I didn't say the edge angles were extreme. I said the technique he is using wouldn't hold up on hard snow. One of the telltale signs is drawing out the turn for way too long across the fall line and making a turn that is too big for the given sidecut radius.

The Korua Cafe Racer tops out at 8.6m sidecut. That's smaller than any sbx board. You'll see sbx riders using less slope width while freecarving.


----------



## MrDavey2Shoes (Mar 5, 2018)

TrimbleFunky said:


> I didn't say the edge angles were extreme. I said the technique he is using wouldn't hold up on hard snow. One of the telltale signs is drawing out the turn for way too long across the fall line and making a turn that is too big for the given sidecut radius.
> 
> The Korua Cafe Racer tops out at 8.6m sidecut. That's smaller than any sbx board. You'll see sbx riders using less slope width while freecarving.

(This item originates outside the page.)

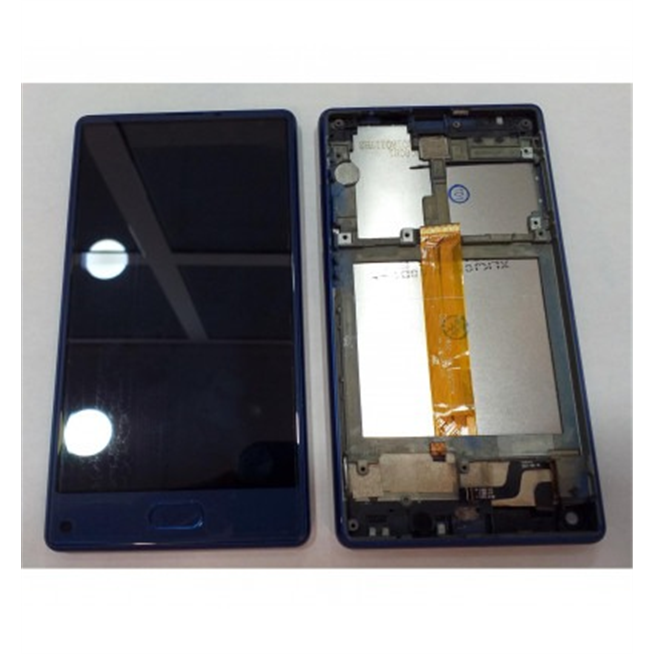 Doogee Mix Lite pantalla lcd + tactil negro + marco azul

1. Those turns work out just fine on hard snow - ask me how I know.
2. The shape of the turns is the whole point, this riding isn’t linear top to bottom. It’s about riding around on the mountain, not riding down the mountain.
3. A CR and a BX are designed to be driven differently and they turn differently but you can do anything on any board really.


----------



## Balthasar Gelt (Oct 25, 2021)

I've been able to get my carves down, but I realized I making these rookie mistakes of sticking my bum/bending my waist. Especially when I realize touching the snow should be a natural process. Here's a few great videos on how to do the Japanese snowsurf style.






The translations are found in the comments for the next two videos.





Toeside Turns





Heelside Turns

Anyways, I always hear the same tips concerning waist and hip movements. At this point, I'm so confused as to what is what. Such as bending the hips but don't bend the waist. I assumed bending the hips naturally brings the waist out. But, I'm guessing it just means to keep your upper body straight while you're bending at your hips? Can anyone clarify if that's what it actually means?


----------



## lbs123 (Jan 24, 2017)

Balthasar Gelt said:


> Anyways, I always hear the same tips concerning waist and hip movements. At this point, I'm so confused as to what is what. Such as bending the hips but don't bend the waist. I assumed bending the hips naturally brings the waist out. But, I'm guessing it just means to keep your upper body straight while you're bending at your hips? Can anyone clarify if that's what it actually means?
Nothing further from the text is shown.